Looking back on the last ten years, two of the worst decisions the government made (or forced BC Hydro to make) were: cancelling the development of a new natural gas-fired thermal power plant at Duke Point to meet electricity requirements on Vancouver Island, and eliminating the back-up role the Burrard thermal plant could play to meet our electricity requirements in low water years.

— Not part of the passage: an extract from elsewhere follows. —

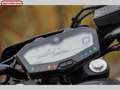 Yamaha MT-07 ABS Grijs - thumbnail 3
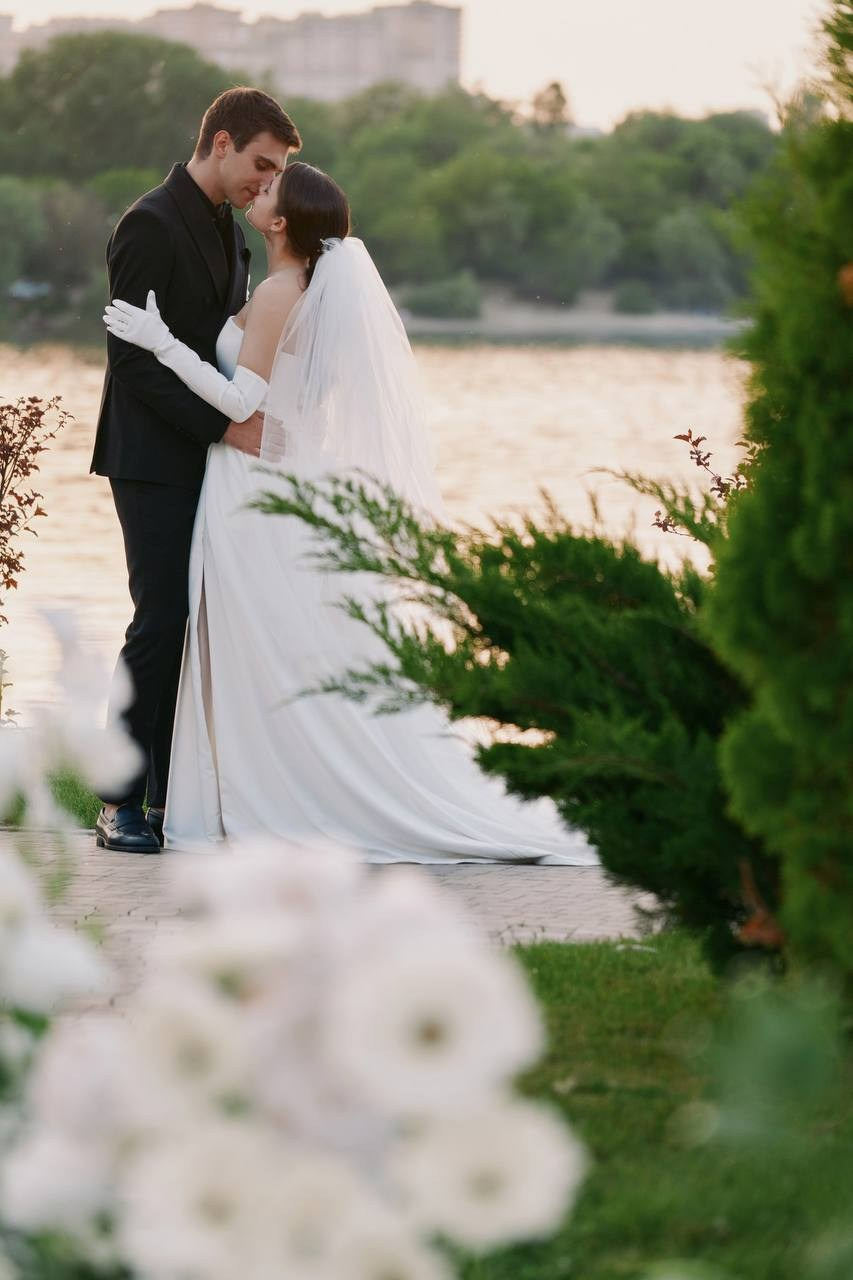 11.05.24 Люби меня люби (Сережа + Ира). Event-агентство «Бутик Событий» Евгении Гарновской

Those two decisions alone cost BC Hydro and its ratepayers literally billions of dollars of needless expense. And they were no great benefit to the environment. Without the Duke Point power plant, a major new transmission line had to be developed (most controversially through Delta), and additional sources of supply on the Mainland were acquired (including run-of-river projects with all of the land and aquatic impacts they cause). Eliminating the back-up role of the Burrard plant forced BC Hydro to look for an additional 5000 to 6000 GWh of new supply (more than the output of Site C) to be able to meet requirements. Again, more run-of-river and other power projects were required, with all of the impacts and concerns they have raised.
There are, of course, those who would argue that we shouldn’t burn any natural gas to generate power (or heat homes, or for that matter to do anything else). But the fact is, we do burn natural gas, and what we don’t burn others do. It is completely inconsistent, not to mention illogical, to expand the production of natural gas in the province, and then severely restrict, one might say demonize, the use of it for domestic purposes. Once the gas is extracted from the ground, the carbon it contains will be released to the atmosphere. And from a climate change perspective it really doesn’t matter where that takes place — in B.C. or wherever else the gas that isn’t consumed in B.C. is sold.
A policy of rejecting natural gas use in the province (except now in Kitimat) all the while doing everything we can to increase production and ship it elsewhere is the exact opposite of what most would argue we should do with our resources, namely, make sure we make best use of them in the province before exporting the resources for others to use.
There may come a time when globally we have shifted entirely away from all fossil fuel use. But until we collectively get there, and most importantly have decided not to extract natural gas for export as well as domestic purposes, it makes no sense to restrict the use of natural gas in British Columbia, only so more natural gas can be shipped abroad.
A more responsible policy would be to do what environmental groups have long been arguing should be done for all fossil fuel use. Impose a significant carbon tax and use the revenues not to make wealthy taxpayers disproportionately better off with income tax reductions, but rather to invest the carbon tax revenues in public transportation, reforestation, municipal storm sewer and dyking infrastructure and all of the other measures we can take to offset emissions and prepare for the climate change that is coming our way.
Designating natural gas clean in Kitimat and dirty elsewhere is not the answer. Nor is a policy of rejecting any use of natural gas when all that means is more of our gas will be shipped and burned elsewhere. Recognizing natural gas as an important provincial resource that should be used where it is efficient to do so, and that can and should contribute in a major way to fund offset and adaptation measures makes far more sense.